Ou, ainda, o tão famoso, quanto mal-conhecido, episódio da troca do “Acre por um cavalo branco”. Quando, em meio às negociações que resultariam na assinatura do Tratado de Ayacucho (1867), o cônsul brasileiro ofereceu ao “Loco” Mariano Melgarejo, então presidente da Bolívia, um lindo casal de cavalos de raça, que de tão feliz ofertou ao Brasil dois dedos de um território demarcado nos, ainda imprecisos, mapas da Amazônia Ocidental. Ganhamos assim um enorme triangulo de terras que, diga-se de passagem, estava situado ao norte da linha de limites oblíqua – que seria mais tarde conhecida como Linha Cunha Gomes - e por isso constitui parte do atual estado do Amazonas e não do Acre, jogando por terra a lenda de que o Acre foi trocado por um cavalo.
E, para terminar a série de “pequenos” exemplos, e não dizer que deixamos de mencionar o “Deus Terminus” das fronteiras brasileiras, como é chamado orgulhosamente pela diplomacia brasileira, o Barão do Rio Branco. Não nos custa lembrar que foi este “genial” diplomata quem mandou sumir com o famoso “Mapa da Linha Verde”, durante as negociações que culminaram com a assinatura do Tratado de Petrópolis (1903), pondo fim à “Guerra do Acre”. Um mapa que comprovava “incontestavelmente” o direito da Bolívia sobre o Acre e que, tão misteriosamente quanto havia sumido, reapareceu algum tempo depois de concluídas as negociações diplomáticas.
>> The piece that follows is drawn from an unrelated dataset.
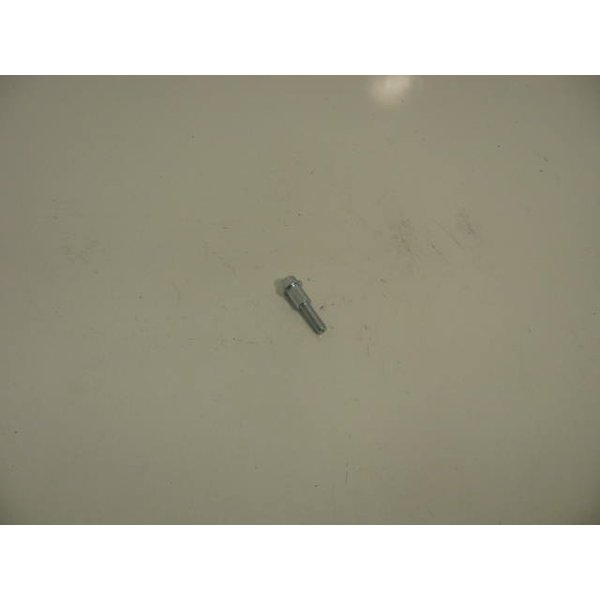 Kohler Screw Shoulder 24 086 32-S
Por outro lado, é preciso considerar que a liberação para consulta desses documentos que ainda permanecem secretos pode ser essencial para explicar muitos outros episódios ainda obscuros da história do Acre e do Brasil. Não só os mais antigos, como também aqueles, mais recentes, relacionados à Ditadura Militar. O que é muito bom.
Para nos mantermos apenas nas questões relacionadas ao Acre. Podemos esperar que – com a aprovação desta lei pelo Senado, prevista para o dia 3 de maio, em homenagem ao “Dia Mundial da Liberdade de Imprensa” – finalmente tenhamos acesso ao inquérito militar que apurou as circunstancias da morte de Plácido de Castro, alguns anos após o termino da Revolução. Misteriosos documentos que até hoje não puderam ser consultados nem por pesquisadores do próprio exército. Talvez porque envolvam diretamente o Coronel Gabino Besouro, mais um dentre os muitos militares que foram nomeados para governar o Acre.
Quem sabe, possamos enfim saber se a poderosa Casa Rothschild de Londres, principal credora estrangeira do Brasil, subornou ou não o Presidente Campos Sales para que este reconhecesse que o Acre era da Bolívia e se negasse a atender aos reclames da população brasileira que aqui residia em 1898. O que acabou provocando a Revolução Acreana, segundo me contava meu saudoso amigo Seu Hélio Koury.
Ou, ainda, talvez, nos seja dado o direito de descobrir em que circunstancias o Barão do Rio Branco teve a nefasta idéia de transformar o Acre no primeiro Território Federal da história brasileira, negando aos acreanos o direito a uma cidadania plena, numa maldição que perdurou por quase seis décadas.
Afinal, deveria ser um direito básico de todo e qualquer cidadão brasileiro ter acesso à sua própria história, sob pena do Brasil, mesmo querendo, nunca conseguir ser grande o suficiente para poder ao menos ser suspeito de Imperialista.
Nessas horas em que vejo o Acre, um dos menores estados brasileiros, suscitando os mais inesperados e surpreendentes debates na grande imprensa é que me vejo obrigado a concordar com um dos bordões prediletos do jornalista Silvio Martinello: “O Acre é pobre, mas é enjoado.”